Answer: Yes, that would be impossible. Same as if you tried to magnify an insect using a telescope (unless that insect was very far away). At first thought it seems this might work, since both devices make small things look larger. But I tried your experiment myself back in grade school and got the same results. The problem is, there are different senses of “small” here — some things (like insects) really are small, and some things (like planets) only look small because they’re so far away.

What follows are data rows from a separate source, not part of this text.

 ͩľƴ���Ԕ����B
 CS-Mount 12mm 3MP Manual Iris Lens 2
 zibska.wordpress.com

To really grasp the difference you’d have to understand ray diagrams and real and virtual images, and that’s at least high school physics, so I’ll keep this explanation simple. The graphic shows the optical difference between an insect and a planet. Neptune is so far away (4.7 billion km at its closest) the light rays from all parts of that planet are nearly parallel. Even though the planet is many times larger than Earth, the beam of light it transmits to your retina makes a spot so small that all you see is a point of light, like a faint star. The function of the eye’s lens (when it’s healthy) is to focus parallel rays to a point.

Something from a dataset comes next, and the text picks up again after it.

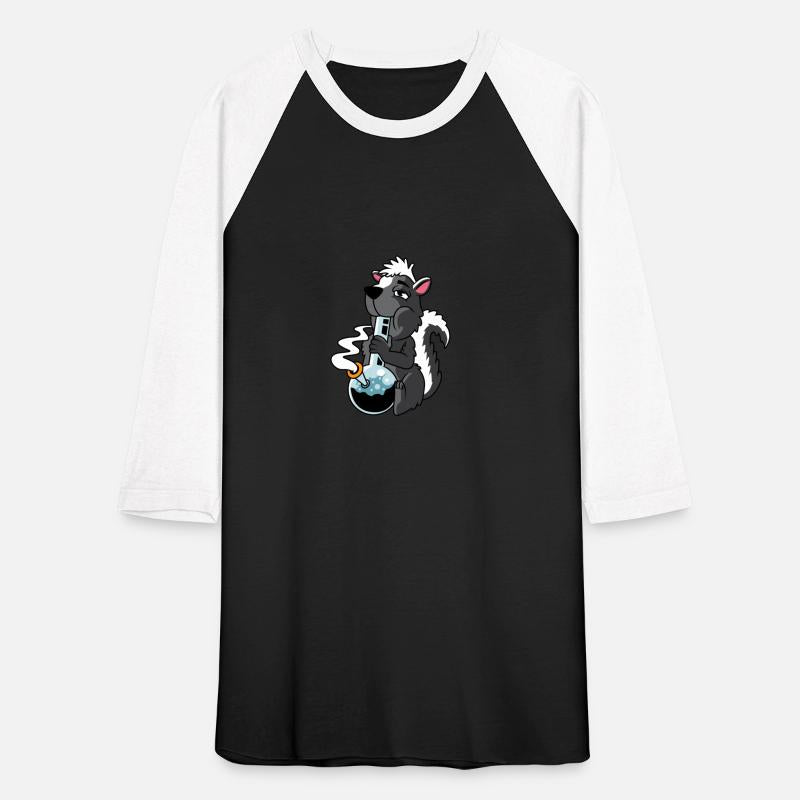 Stoner Skunk Stoner Gift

Opticians use the following approximation for human eyes: An object with an angular size of 1′ (arcminute) casts an image 5 μm wide on the retina. Neptune’s average angular size = 2.3″ (arcseconds), so the point of light on your retina would be about 0.2 μm in diameter. The rods and cones in your retina have diameters from 0.5–4.0 μm, so only a single photoreceptor would be activated by the unmagnified image of Neptune. You would see essentially a point of light.

The lens of your eye projects an image of what you’re looking at onto the photosensitive surface of your retina. Optometrists routinely project images (e.g. circular rings of laser light) onto the retina and can see and photograph that image — the retina functions like a tiny projection screen, the eye’s lens like a projector. The size of that image depends on the divergence of the light rays, that is, at what angle they spread out as they pass through the eye’s lens. The greater the divergence, the larger the image on the retina, and the larger the object appears. A telescope radially stretches the incoming bundle of parallel rays so when they diverge through the eye’s lens you get magnification.

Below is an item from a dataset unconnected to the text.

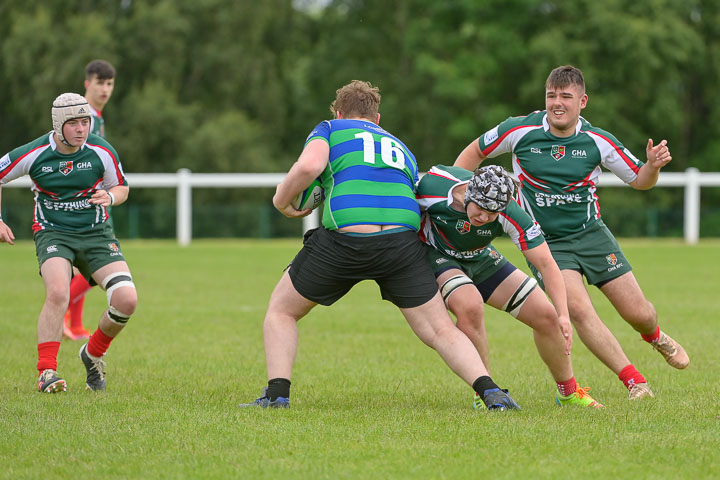 20210626-Hamilton-RFC-v-GHA-RFC-U18-019-CR.jpg 20210626-Hamilton-RFC-v-GHA-RFC-U18-019-CR.jpg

Note that the graphic is not a true “ray diagram” since it omits interaction with the eye’s lens and doesn’t show the geometry of image formation. Rather, it’s more a schematic diagram showing how apparent size changes, and why some things look big and other things look small.

For example: An insect crawling toward you appears to get larger. Expressed less subjectively, light rays from the insect become increasingly divergent as it approaches your eye, and the insect’s apparent size increases (graphic). We all learn to estimate a familiar object’s distance by its apparent size. This is why, when something like a car’s curved rearview mirror reduces apparent sizes, we need to be reminded that “Objects in mirror are closer than they appear.”

Microscopes also increase the divergence of light rays, but they’re designed to start with rays that are already strongly divergent. If you feed a microscope nearly parallel rays it won’t be able to bring them into focus. The light will get through, sure, that’s what you saw, but it won’t form a focused image of the Moon on your retina.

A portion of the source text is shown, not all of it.